Over sixty pocket-sized pages, van Sciver’s original account of his struggling writer’s musings, and staggerings though literary events was captivating. It evoked pathos as often as it provoked laughter. Is there, though, enough mileage for this second, and much longer volume?
Fante Bukowski Two catches up with Fante a year after the end of the first volume, when he quit town (and a promising relationship with young writer Audrey Catron) to find “somewhere he could breathe”. Ironically, the comically seedy motel he’s checking into, and the veiled menace of it’s proprietor, suggest he’s effectively in the same place.
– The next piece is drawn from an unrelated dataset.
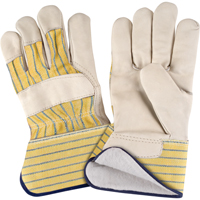 Abrasion-Resistant Winter-Lined Fitters Gloves, X-Large, Grain Cowhide Palm, Cotton Fleece Inner Lining Solutions industrielles ALPHA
Van Sciver has finely-honed antennae for clichés of writer stories, and succeeds in mining from them fresh narrative and comic potential. For example, after hooking-up with sex-worker, ‘Lady’ he boasts “You probably had no idea that you’d be sleeping with a great writer today, huh?” only to be told that Cormac McCarthy was there yesterday. McCarthy is just the sort of gritty, but literary, writer ‘Fante Bukowski’ would admire. This sequence is full of passing jokes: cartoonists “are excellent lovers” she says, but, (playing to Fante’s hobby horse), “the worst are editors. They’re so critical!” More than an amusing aside, this scene reveals Fante. It also sets up important plot developments: his (traceable) payment by credit card, and her compromising knowledge of an important editor, whom Fante bumps into – with his wife. Similarly, attendance at a poetry anthology launch, both satirises the scene as the editor thanks attendees for “witnessing the birth of my newest child”, and progresses the plot. Fante has the inspiration that if he too publishes a zine, he’ll be the editor, and “accept all [his] own submissions”.
The protagonist’s Fante/Bukowski inspired model of the dissolute writer is contrasted with clean-living Atticus Blake, and Audrey, now touring her successful second book. The pompous Blake is a target for satire, but not the thoroughly decent Audrey. She, instead, serves to satirise the price of success: the boredom of tours, and pressure to commercialise, in this case by granting film rights to her multi-generation family saga to absurdly mismatched director Michael Bay.
Novels about ‘artists’ (Kunstlerromane) typically channel the author’s own life, (as did both Fante and Bukowski), and Van Sciver has confirmed this, though emphasising a “struggling, unappreciated younger self” that he can look back on and mock. Audrey is more reverentially treated: compare her very literary readings to Fante’s howlers. She may be based on Van Sciver’s actual love interest (who appears in his autobiographical comics as ‘Amy’). Audrey even starts dating a Van Sciver lookalike… at least until he suspects her lingering feelings for ‘Fante Bukowski’, who is, in turn, fictionalised in her book. These multiple, interwoven layers of fiction with potential fact, the balance of humour and pathos, combined with the romantic tease of whether Fante and Audrey will reunite, keep the pages turning throughout this second, and longer volume.
The art here seems now to be Van Sciver’s settled style, much looser (and presumably faster) than his debut: there’s no need here for the historic mise-en-scène, exactitude, and general gravitas of fact-based The Hypo: The Melancholic Young Lincoln. Still, Van Sciver’s a confident artist, able to create distinctive and expressive characters, and propel them through a thoroughly engaging comedy drama.
Third and final volume A Perfect Failure appeared in 2018, with all three collected in 2020’s The Complete Works of Fante Bukowski.